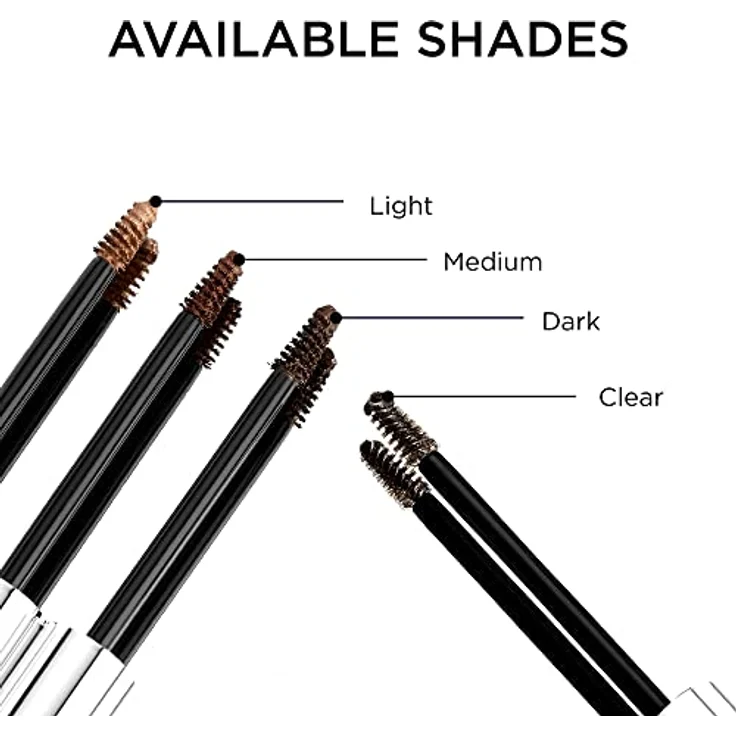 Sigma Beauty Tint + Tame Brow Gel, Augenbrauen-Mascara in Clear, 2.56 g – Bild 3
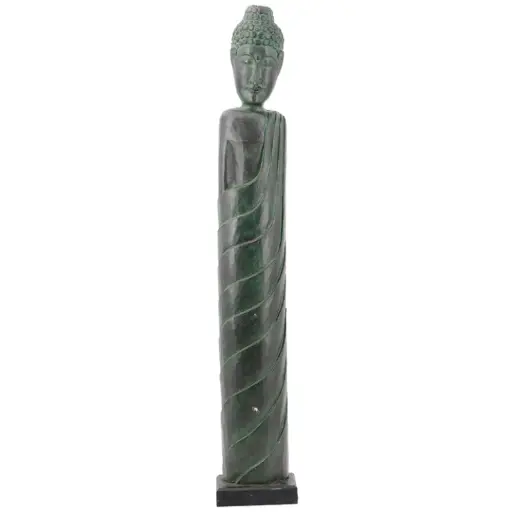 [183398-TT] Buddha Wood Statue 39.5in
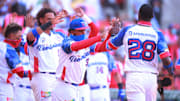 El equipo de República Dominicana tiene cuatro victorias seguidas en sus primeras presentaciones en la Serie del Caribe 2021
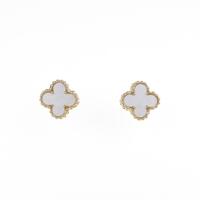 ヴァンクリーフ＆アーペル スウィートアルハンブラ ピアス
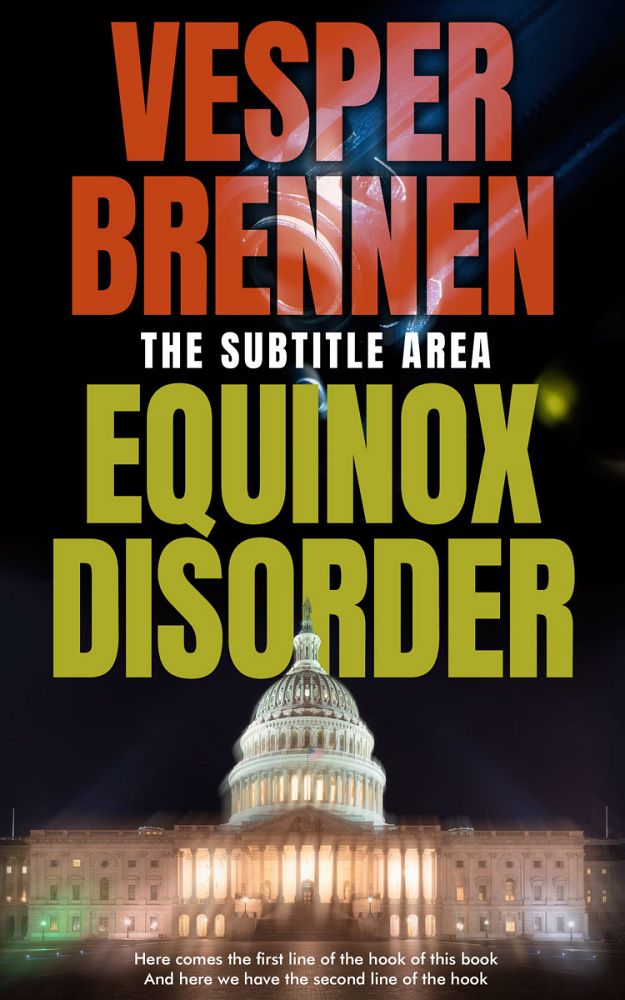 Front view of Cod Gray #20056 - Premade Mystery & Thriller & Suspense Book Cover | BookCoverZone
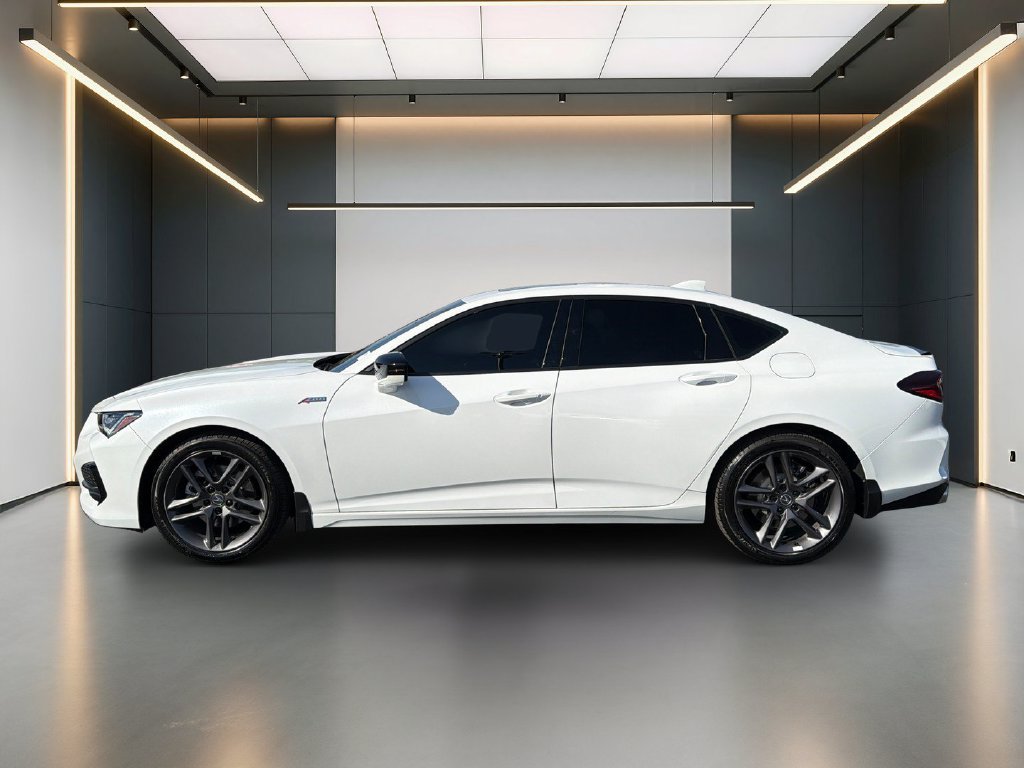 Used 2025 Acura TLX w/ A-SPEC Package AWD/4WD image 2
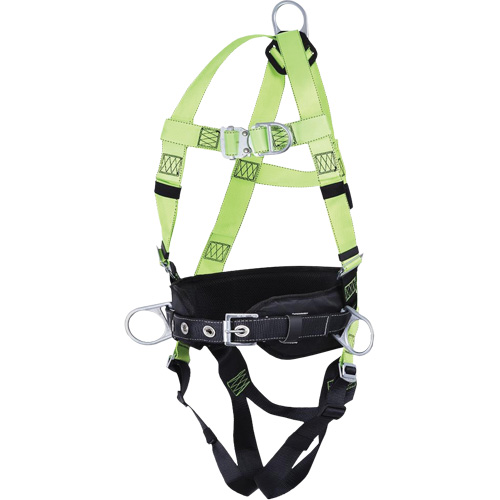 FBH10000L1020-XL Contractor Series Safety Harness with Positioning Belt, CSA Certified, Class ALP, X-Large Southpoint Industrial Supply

## What to work on
Write the lines above out again exactly, without any of their pictures.

## Your response
 Sigma Beauty Tint + Tame Brow Gel, Augenbrauen-Mascara in Clear, 2.56 g – Bild 3
 [183398-TT] Buddha Wood Statue 39.5in
 El equipo de República Dominicana tiene cuatro victorias seguidas en sus primeras presentaciones en la Serie del Caribe 2021
 ヴァンクリーフ＆アーペル スウィートアルハンブラ ピアス
 Front view of Cod Gray #20056 - Premade Mystery & Thriller & Suspense Book Cover | BookCoverZone
 Used 2025 Acura TLX w/ A-SPEC Package AWD/4WD image 2
 FBH10000L1020-XL Contractor Series Safety Harness with Positioning Belt, CSA Certified, Class ALP, X-Large Southpoint Industrial Supply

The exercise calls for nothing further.